Abstract
The conceptual approach to a system of network resident-training tools for use in a clinical pathology laboratory is described and specific modules developed for use in an integrated health care delivery system. The modules have been developed to be accessible throughout an organization, are amenable to customization, are designed for use by personnel with varied knowledge of laboratory techniques, and can be updated readily. The modules designed are for dry slide clinical chemistry analyses, white blood cell maturation sequence, and flow cytometry. The concept can be applied to other laboratory functions including point-of-care testing service. The modules incorporate flexibility of integrating text with digital images, sound and animation. The core of the system is based on readily available software for Internet. Therefore, the system of laboratory tools can provide the means for rapidly accessible, current data resources for a variety of purposes for a laboratory to operate in an integrated delivery system.
Introduction
Several factors have altered the operations of clinical pathology laboratories in the past few years. Technical staffing at all levels of expertise in the hospital laboratories has been reduced. Introduction over the years of increasingly automated high throughput selective analyzers coupled with the more recent availability of robotics has resulted in consolidation of work areas and has eliminated or significantly altered compartmentalization based upon clinical laboratory subspecialties (1). The traditional single site focused health care or specialized care delivery model is being replaced with a cohesive model for heath care delivery that encompasses all aspects of health-care structure. This model is often referred to as integrated delivery service or simply as IDS (2). This change has been accompanied by a rapid growth in participation of non-technical personnel in near patient or bedside performance of laboratory tests previously available only from the main laboratory in a hospital (3). The challenges for clinical laboratories in dealing with these transformations in health-care are in maintaining a high degree of proficiency and consistency in performance of the entire spectrum of analytical work. At the same time there is a need for ensuring an effective coordination of all laboratory functions, whether these are performed within a central laboratory, at a satellite site or at the patient's bedside.

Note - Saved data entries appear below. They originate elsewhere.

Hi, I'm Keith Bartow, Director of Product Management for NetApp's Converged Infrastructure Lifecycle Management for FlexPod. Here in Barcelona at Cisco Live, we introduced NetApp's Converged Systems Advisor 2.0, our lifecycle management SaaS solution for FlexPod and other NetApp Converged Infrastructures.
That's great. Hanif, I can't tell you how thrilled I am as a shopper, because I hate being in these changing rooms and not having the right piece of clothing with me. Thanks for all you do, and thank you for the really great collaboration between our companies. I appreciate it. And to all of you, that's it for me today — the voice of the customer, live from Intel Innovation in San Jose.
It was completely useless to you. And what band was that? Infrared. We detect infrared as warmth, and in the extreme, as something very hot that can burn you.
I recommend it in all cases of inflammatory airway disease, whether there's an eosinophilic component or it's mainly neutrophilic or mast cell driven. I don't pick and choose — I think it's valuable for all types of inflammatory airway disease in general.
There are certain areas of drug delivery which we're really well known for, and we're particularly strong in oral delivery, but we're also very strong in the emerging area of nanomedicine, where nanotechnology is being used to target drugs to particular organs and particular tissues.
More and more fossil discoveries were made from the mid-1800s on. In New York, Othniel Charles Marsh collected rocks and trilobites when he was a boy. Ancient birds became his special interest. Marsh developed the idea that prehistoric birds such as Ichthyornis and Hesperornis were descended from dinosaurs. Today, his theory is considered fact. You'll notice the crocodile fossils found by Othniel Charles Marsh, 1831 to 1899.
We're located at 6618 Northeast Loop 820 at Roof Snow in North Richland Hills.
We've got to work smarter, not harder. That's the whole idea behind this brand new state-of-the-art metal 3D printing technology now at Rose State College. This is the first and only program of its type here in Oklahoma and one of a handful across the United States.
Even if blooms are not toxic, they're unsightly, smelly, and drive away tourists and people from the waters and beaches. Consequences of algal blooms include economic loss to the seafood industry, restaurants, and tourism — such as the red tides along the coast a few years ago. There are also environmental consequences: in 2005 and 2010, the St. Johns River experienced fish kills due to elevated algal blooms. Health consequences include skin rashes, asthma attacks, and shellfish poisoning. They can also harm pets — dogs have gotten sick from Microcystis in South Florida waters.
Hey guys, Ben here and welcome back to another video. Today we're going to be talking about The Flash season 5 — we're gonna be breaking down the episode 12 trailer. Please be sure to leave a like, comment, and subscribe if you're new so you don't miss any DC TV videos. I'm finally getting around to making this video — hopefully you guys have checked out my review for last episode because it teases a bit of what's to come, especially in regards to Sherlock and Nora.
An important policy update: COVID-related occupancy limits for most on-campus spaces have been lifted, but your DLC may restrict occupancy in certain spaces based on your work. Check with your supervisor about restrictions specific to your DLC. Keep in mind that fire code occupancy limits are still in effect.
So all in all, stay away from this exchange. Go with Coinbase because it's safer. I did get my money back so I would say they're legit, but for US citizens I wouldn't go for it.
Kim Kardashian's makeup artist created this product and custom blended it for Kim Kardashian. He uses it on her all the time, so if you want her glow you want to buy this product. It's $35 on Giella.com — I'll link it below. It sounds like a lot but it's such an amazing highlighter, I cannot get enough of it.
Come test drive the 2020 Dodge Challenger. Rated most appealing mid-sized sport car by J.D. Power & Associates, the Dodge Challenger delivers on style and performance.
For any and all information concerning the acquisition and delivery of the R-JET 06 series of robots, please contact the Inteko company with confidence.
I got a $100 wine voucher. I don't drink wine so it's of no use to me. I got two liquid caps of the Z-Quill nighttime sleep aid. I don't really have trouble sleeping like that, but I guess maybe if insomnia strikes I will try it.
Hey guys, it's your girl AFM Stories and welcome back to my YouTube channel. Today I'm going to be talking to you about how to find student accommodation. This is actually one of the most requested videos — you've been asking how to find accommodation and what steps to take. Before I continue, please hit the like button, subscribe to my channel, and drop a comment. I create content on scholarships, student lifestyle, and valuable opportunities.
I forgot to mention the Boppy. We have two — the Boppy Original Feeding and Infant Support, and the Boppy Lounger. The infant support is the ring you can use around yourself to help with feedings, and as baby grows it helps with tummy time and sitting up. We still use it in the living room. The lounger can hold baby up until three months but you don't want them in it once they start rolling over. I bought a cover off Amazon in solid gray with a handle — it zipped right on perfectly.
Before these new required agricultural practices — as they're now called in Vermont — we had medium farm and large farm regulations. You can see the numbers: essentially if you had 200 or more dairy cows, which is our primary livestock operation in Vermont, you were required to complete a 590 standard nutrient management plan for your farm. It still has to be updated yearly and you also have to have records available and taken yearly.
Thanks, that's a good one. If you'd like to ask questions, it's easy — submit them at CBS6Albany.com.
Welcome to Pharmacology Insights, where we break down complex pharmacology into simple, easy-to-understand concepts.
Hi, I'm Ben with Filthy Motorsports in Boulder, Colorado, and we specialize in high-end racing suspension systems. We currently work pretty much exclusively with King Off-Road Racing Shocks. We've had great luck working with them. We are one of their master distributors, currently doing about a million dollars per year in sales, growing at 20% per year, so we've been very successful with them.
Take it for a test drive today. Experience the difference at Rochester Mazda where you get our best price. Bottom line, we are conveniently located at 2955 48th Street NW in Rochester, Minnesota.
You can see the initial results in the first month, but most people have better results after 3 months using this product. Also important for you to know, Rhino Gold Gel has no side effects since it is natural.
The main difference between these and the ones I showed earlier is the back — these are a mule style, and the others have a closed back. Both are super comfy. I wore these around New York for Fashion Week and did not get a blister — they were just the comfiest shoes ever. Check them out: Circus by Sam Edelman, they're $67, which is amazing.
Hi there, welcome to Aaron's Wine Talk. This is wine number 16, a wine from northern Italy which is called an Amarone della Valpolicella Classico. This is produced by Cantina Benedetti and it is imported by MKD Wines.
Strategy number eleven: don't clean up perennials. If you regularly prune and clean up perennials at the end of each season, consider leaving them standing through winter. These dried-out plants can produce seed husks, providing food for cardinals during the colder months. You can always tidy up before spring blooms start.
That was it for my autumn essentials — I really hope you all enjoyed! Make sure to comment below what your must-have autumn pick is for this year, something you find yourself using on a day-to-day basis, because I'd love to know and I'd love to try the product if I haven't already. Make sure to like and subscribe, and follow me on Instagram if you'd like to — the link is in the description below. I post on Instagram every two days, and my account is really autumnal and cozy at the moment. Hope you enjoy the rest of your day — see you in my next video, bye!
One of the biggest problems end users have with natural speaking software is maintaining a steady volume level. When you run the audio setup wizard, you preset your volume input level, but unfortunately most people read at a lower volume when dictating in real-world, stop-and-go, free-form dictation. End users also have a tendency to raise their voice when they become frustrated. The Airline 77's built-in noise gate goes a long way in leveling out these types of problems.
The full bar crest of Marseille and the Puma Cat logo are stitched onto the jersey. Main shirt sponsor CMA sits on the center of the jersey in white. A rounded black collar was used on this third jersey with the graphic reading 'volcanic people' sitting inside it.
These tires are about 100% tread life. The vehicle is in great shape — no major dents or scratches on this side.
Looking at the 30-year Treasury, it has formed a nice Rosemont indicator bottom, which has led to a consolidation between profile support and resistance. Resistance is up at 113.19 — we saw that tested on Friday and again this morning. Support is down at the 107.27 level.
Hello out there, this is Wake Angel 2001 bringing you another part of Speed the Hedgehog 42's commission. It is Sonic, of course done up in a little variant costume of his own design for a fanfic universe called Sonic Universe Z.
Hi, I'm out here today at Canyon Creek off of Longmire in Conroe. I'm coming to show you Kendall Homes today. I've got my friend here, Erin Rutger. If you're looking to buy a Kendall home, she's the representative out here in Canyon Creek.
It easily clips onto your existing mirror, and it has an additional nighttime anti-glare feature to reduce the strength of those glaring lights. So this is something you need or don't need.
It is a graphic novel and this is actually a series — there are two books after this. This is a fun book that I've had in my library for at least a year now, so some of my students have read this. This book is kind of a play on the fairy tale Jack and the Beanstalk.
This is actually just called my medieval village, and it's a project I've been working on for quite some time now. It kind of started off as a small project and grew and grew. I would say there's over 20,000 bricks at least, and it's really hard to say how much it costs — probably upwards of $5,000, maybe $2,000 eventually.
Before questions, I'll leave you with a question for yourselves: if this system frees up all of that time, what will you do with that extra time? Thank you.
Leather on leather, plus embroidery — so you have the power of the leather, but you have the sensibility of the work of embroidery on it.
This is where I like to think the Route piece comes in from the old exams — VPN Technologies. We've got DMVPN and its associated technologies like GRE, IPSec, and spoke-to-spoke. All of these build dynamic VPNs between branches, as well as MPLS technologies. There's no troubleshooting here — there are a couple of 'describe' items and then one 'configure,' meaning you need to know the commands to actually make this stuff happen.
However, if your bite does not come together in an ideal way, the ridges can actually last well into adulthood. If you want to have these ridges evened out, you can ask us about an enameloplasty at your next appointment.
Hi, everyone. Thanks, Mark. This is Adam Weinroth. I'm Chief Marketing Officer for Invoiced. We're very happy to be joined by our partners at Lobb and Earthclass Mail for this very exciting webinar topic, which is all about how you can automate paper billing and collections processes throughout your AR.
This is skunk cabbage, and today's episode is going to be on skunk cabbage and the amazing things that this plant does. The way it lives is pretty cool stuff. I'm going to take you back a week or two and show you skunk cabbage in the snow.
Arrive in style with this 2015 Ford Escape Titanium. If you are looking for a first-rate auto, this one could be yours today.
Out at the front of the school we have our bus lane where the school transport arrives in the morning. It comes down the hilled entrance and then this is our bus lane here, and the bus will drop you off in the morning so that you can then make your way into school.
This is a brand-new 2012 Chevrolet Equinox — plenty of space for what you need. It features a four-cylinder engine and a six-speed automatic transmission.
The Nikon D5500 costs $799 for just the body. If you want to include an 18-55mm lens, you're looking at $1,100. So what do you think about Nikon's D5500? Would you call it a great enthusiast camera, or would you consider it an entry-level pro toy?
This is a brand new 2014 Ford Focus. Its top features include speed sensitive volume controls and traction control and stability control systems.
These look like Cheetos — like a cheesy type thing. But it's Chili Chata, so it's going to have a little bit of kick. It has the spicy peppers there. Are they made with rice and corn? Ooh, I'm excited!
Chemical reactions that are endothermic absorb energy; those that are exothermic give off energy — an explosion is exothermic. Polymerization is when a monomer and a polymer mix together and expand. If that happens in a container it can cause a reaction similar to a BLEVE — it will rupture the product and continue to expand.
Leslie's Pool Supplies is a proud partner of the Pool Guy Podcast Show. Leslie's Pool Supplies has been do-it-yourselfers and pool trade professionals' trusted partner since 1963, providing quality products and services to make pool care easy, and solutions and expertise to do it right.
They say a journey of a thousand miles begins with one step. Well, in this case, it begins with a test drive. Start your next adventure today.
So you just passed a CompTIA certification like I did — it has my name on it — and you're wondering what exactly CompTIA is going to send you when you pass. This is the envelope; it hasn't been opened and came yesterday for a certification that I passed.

The introduction of automation and robotics has resulted in consolidation of work with centralization of laboratories, and a marked reduction in staffing. However, the structuring of health-care into IDS has created a dispersal of testing. The dispersal of testing in any such institution requires supervision of services by the central laboratory at several community hospitals, intermediate care facilities, specialty clinics, and walk-in care centers, together with the referral hospital and its related ambulatory clinics (figure 1). In many instances, the responsibility for oversight is also likely to extend to a community outreach program where the referral hospital laboratory provides specialized analytical testing with interpretation and consultation for the tests performed.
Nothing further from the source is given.